Your instructions: Please copy out the entries until you have copied the line that contains "Karate Drache - Frauen", beginning with the first line.
+---+
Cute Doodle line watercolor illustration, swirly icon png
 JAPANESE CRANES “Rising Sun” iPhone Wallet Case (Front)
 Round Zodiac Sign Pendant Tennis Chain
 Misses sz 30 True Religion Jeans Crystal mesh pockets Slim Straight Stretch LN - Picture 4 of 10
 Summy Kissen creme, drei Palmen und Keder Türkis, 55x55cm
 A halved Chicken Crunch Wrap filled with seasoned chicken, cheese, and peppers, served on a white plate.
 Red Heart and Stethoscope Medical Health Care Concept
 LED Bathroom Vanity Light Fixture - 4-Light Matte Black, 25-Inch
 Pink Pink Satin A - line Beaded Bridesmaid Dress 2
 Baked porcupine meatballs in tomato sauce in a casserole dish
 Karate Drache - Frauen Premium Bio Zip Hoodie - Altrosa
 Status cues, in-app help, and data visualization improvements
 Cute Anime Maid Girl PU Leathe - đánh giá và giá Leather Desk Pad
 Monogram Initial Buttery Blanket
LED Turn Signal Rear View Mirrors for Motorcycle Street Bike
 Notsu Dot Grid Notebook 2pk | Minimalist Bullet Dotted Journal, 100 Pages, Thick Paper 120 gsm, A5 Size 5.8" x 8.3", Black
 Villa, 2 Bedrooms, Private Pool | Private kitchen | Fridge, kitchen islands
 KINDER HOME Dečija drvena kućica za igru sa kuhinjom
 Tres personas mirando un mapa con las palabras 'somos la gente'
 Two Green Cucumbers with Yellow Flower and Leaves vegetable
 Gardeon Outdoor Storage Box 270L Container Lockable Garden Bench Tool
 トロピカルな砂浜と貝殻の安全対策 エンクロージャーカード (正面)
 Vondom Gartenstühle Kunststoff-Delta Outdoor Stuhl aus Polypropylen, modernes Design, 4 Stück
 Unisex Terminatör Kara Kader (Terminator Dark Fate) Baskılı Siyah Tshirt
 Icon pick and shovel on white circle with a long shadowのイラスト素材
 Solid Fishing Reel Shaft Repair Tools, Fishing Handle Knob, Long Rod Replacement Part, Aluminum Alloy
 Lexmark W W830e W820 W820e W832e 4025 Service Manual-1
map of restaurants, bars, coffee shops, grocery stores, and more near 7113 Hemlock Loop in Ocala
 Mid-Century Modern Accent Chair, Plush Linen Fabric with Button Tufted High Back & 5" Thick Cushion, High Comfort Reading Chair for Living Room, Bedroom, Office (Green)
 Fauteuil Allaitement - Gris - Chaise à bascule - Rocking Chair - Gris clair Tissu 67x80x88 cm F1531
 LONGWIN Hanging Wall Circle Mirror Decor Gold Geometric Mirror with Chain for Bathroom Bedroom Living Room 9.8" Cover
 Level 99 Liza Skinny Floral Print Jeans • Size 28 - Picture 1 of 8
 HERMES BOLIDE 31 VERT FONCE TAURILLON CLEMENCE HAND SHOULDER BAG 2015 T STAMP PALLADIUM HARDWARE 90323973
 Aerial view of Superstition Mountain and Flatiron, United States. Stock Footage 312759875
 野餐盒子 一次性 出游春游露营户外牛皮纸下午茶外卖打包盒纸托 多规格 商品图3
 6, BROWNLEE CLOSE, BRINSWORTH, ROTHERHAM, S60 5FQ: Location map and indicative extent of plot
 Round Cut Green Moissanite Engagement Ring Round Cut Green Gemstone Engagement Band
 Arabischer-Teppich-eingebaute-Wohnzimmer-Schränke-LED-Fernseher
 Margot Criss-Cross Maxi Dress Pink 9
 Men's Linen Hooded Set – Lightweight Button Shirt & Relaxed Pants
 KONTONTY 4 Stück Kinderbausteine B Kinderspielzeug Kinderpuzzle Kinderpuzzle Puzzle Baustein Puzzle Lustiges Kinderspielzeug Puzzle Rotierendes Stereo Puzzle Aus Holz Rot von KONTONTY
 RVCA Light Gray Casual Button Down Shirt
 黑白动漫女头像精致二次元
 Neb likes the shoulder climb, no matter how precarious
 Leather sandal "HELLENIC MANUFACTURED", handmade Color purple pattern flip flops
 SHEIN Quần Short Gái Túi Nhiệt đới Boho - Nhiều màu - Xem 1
+---+
Final answer:
Cute Doodle line watercolor illustration, swirly icon png
 JAPANESE CRANES “Rising Sun” iPhone Wallet Case (Front)
 Round Zodiac Sign Pendant Tennis Chain
 Misses sz 30 True Religion Jeans Crystal mesh pockets Slim Straight Stretch LN - Picture 4 of 10
 Summy Kissen creme, drei Palmen und Keder Türkis, 55x55cm
 A halved Chicken Crunch Wrap filled with seasoned chicken, cheese, and peppers, served on a white plate.
 Red Heart and Stethoscope Medical Health Care Concept
 LED Bathroom Vanity Light Fixture - 4-Light Matte Black, 25-Inch
 Pink Pink Satin A - line Beaded Bridesmaid Dress 2
 Baked porcupine meatballs in tomato sauce in a casserole dish
 Karate Drache - Frauen Premium Bio Zip Hoodie - Altrosa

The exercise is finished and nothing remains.